他说着看向苏枕寄,说:“师父说,他很想知道你爹是个什么人物,能让赤毒花从此在江湖上销声匿迹,甘心守着一个破旧酒馆。”
苏枕寄想到苏和玉在地道里和他说的最后几句话,知道她是情非得已,一时心内黯然,不知道该作何言语。
晦明静静地看着他,说:“但是师父昨日告诉我,他知道那是为什么了。”
苏枕寄再次抬起头,他听见晦明说:“能让赤毒花甘心归隐的,也许不是那个不知名姓的男人,也不是数年的追杀和仇恨,而是她有了更珍视的东西要去守护。”
这段时间苏枕寄很少能见到空禅的面,大多是师兄教导监督。刚开始的几天总是因为完不成功课而挨饿,后来大概是晦明摸清楚了他的能力,时而能让他完成个一两次,能吃到饭是其一,苏枕寄因为觉得自己有长进,也能高兴好一段时间。

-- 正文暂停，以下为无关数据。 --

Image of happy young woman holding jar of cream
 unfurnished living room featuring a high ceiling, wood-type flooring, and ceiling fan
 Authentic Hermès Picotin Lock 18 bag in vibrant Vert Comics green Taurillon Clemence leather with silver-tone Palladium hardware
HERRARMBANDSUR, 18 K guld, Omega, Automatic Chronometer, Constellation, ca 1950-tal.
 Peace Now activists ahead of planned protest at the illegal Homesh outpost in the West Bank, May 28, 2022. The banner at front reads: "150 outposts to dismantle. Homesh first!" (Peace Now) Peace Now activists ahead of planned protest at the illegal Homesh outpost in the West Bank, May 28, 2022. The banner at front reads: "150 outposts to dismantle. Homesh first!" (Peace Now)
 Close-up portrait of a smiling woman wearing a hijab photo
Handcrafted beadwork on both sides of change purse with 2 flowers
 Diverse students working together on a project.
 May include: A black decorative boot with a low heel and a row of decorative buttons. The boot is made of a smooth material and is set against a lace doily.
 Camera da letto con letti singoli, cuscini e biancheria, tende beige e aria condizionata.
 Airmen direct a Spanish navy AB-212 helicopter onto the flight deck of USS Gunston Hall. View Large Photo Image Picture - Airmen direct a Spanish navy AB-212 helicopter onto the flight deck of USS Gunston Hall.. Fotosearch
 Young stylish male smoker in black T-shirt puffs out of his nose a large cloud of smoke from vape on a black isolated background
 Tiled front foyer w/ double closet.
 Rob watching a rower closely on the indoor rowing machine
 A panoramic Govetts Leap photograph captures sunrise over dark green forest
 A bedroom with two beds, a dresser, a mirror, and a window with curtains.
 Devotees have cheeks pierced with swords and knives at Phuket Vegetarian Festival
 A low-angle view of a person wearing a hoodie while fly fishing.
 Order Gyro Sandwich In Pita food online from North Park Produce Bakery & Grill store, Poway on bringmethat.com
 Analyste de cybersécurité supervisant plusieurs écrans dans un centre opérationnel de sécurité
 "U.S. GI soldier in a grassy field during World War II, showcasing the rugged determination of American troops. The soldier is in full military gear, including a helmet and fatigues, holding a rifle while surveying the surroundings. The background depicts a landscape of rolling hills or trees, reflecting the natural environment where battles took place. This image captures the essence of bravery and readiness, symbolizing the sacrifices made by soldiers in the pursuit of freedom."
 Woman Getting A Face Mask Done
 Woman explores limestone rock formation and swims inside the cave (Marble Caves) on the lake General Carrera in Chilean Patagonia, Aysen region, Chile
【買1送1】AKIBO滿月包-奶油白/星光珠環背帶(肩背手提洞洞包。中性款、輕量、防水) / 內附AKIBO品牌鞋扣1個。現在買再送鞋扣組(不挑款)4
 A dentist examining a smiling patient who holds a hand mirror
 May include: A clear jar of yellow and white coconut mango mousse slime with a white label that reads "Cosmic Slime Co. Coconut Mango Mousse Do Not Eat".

真定府地处北方,冬季寒冷,鲜少降下冬雨,虽然寒意逼人,有时也能看见阳光。这天是个大晴天,没有呼呼作响的北风,是个难得的和煦天气。
到了午饭时间,晦明没看见苏枕寄人,想着他肯定是练功练累了,不知道在哪里就闭上眼休息去了。只是今天虽然晴朗,但到底已是寒冬,不是哪里都能睡觉的。
念此晦明便去找了找他,他走到苏枕寄时常练功的竹林旁,听见几声断断续续的竹哨声,他顺着声音找过去,看见苏枕寄盘腿坐着,他总是挂在脖颈上的柳哨此时叼在嘴里,有一下没一下地吹着。
“怎么不去吃饭?”
听到声音苏枕寄猛地抬起头来,看清来人后神色又恢复如常,把柳哨藏了起来,站起身说:“这就去。”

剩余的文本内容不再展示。